Un matin, maître Tixier, qui ne marchait pas encore, était assis dans son fauteuil auprès de la porte; il
vit venir à lui un grand officier de cuirassiers, suivi de son maréchal des logis.

«Tiens! s'écrie-t-il en voyant le maréchal des logis, c'est Étienne Durand, de la Tréchauderie!
Comment se fait-il que tu sois dans le pays, mon garçon?

--Parce que j'y suis venu avec mon capitaine, que voilà. Nous achetons des chevaux pour le régiment,
et je me suis souvenu que votre écurie était toujours bien montée.

--Jeanne, va tirer du vin, et du meilleur! Monsieur l'officier, vous allez boire un coup.

--Merci, mon brave homme, je suis très-pressé. Faites donc sortir vos chevaux de l'écurie, s'il vous
plaît.»

Jeanne appela son mari, qui amena les quatre juments devant la porte.

«Voilà de belles bêtes, dit le capitaine, je n'en ai pas vu de semblables dans tout le pays.»

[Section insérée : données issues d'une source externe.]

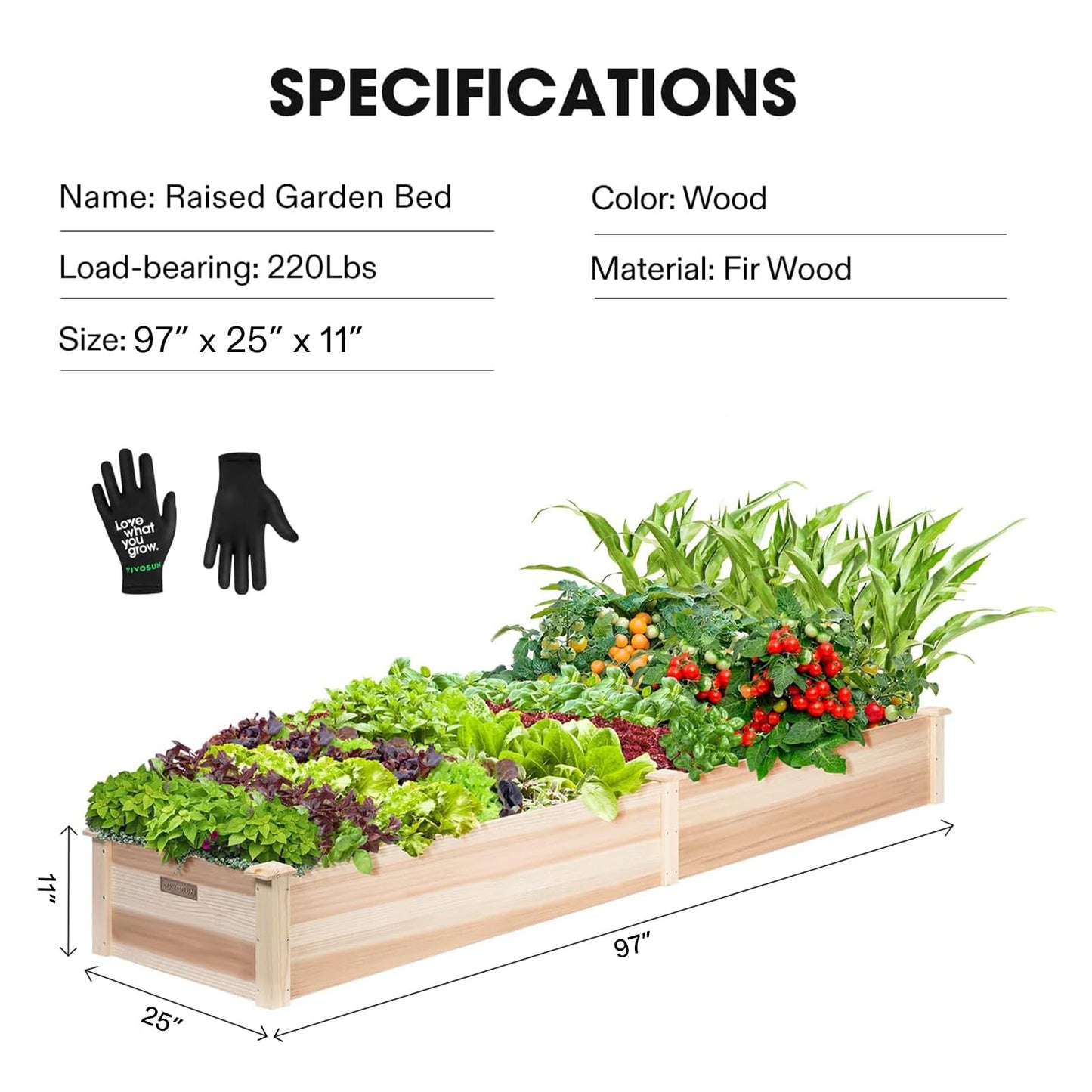 VIVOSUN 8×2Ft Wooden Raised Garden Bed, 97 x 25 x 11 Inches, Outdoor Wood Planter Box with Gloves and a Liner for Garden, Patio, Balcony, Backyard and Outdoors (Pack of 2)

Et il se mit à les examiner, à les faire trotter, galoper; il rentra pour en faire compliment à maître Tixier
et lui demanda combien il voulait les vendre.

«Ma foi, monsieur l'officier, je ne me soucie pas de m'en défaire; ce sont de braves bêtes sans défauts,
et je ne les remplacerai jamais; et puis, sans vous offenser, ce serait trop cher pour vous: on ne donne
pas des chevaux de ce prix-là aux soldats.

--Vous voulez donc les vendre bien cher?

--On m'a offert douze cents francs de la grise et trois mille francs des trois autres ensemble.

--C'était bien payé; mais ce n'est pas seulement pour mes hommes que j'achète des chevaux; je suis
quelquefois chargé par mes camarades de leur trouver quelque belle bête, et justement mon colonel m'a
demandé un beau cheval de bataille; ainsi, nous ferons affaire ensemble, si vous le voulez.